ET Intelligence Group: There seems to be no end to ‘taxing’ woes of upstream oil companies such as Oil and Natural Gas Corporation (ONGC), Oil India and Cairn India.

In a recent clarification, the Central Board of Excise and Customs (CBEC) stated that the companies are liable to pay 15% service tax on royalty paid to the central and state governments under the system of reverse charge for extraction of hydrocarbon since it is a periodic payment.

According to tax rules, when a service receiver pays service tax, it is called reverse charge.

This may reduce the projected earnings growth of companies by 3-6% for FY17. In addition, the implementation of Goods and Services Tax (GST) is likely to increase the service tax rate, which will increase the impact on earnings.

Taking the reference from service tax on the wireless spectrum, treated as a natural resource, CBEC has clarified that licence granted for exploration of natural resources is a taxable service and any periodic payments such as royalty is liable for service tax.

There is a separate litigation in the Supreme Court on whether royalty itself should be considered as a tax or a rent — if latter, service tax will indeed be applicable. At present, upstream companies pay royalty at 10% of the realised price of hydrocarbons. If a hydrocarbon field is onshore, the royalty is shared between state and central governments equally.
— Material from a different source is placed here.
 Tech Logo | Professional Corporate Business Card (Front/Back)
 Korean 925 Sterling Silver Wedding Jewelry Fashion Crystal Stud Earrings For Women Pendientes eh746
For offshore fields, royalty is paid to the Centre.

ONGC paid Rs 8,959 crore of royalty (11.4% of sales at Rs 78,565 crore) in FY16. If service tax is applied on royalty, the projected earnings of ONGC may fall by 2.9% and 3.0% to Rs 21.9 and Rs 23.9 for FY17 and FY18, respectively.

Oil India’s forecasted earnings may be pared by 6.2% and 6.5% to Rs 33.6 and Rs 35.4 by similar comparison.

The stocks of have surged 8-23% in the past three months on easing regulatory overhang. However, the inclusion of service tax is expected to affect further upside. In addition, the sizable capex, lack of volume growth visibility and low return ratios, priceearnings multiples may be restricted to 10-11 in the coming quarters.